> [Listed records]
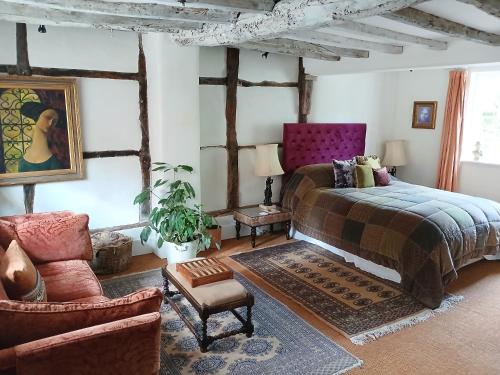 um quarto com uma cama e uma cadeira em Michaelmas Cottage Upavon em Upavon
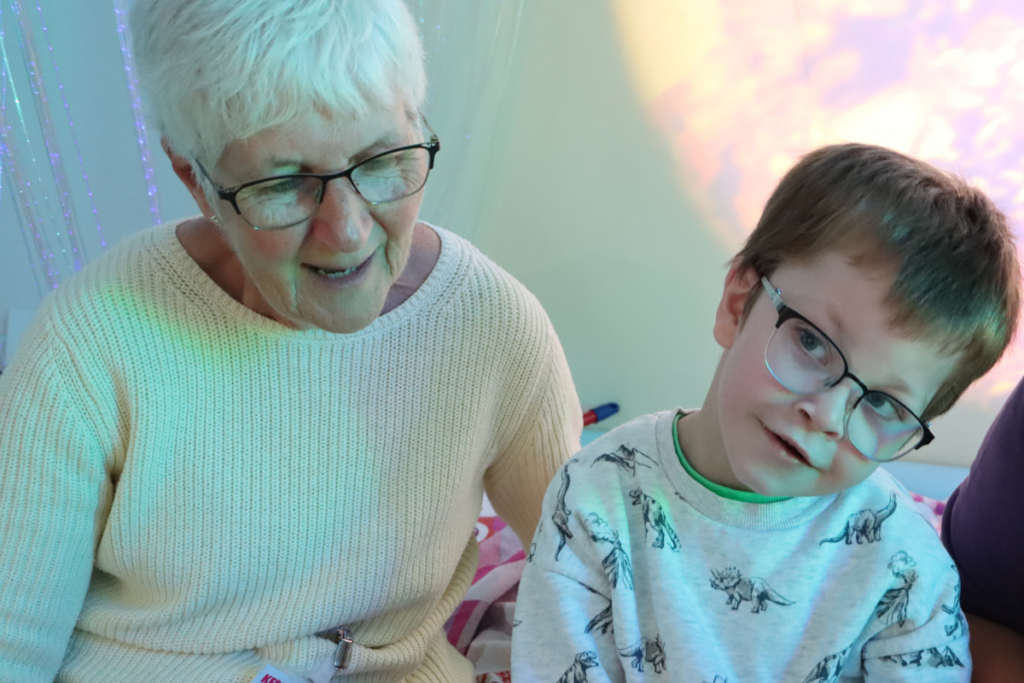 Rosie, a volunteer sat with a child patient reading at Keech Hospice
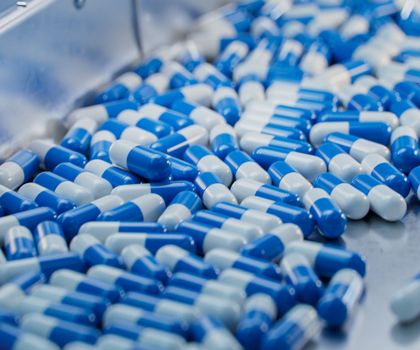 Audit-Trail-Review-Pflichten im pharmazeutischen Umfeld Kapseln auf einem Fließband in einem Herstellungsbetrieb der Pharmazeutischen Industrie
...
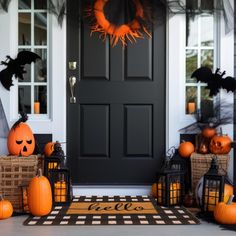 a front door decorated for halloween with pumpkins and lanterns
* * *
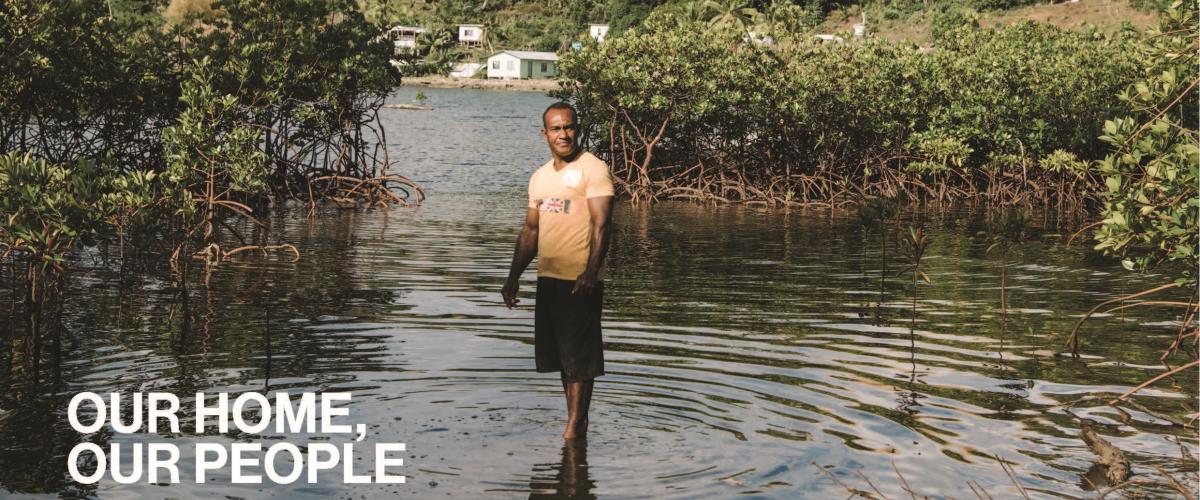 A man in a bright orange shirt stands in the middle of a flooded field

> [Required action] Look through the material above. Transcribe exactly the lines between the ones with "um quarto com" and "Audit-Trail-Review-Pflichten im pharmazeutischen", inclusive, and keep pictures out.

> [The answer]
 um quarto com uma cama e uma cadeira em Michaelmas Cottage Upavon em Upavon
 Rosie, a volunteer sat with a child patient reading at Keech Hospice
 Audit-Trail-Review-Pflichten im pharmazeutischen Umfeld Kapseln auf einem Fließband in einem Herstellungsbetrieb der Pharmazeutischen Industrie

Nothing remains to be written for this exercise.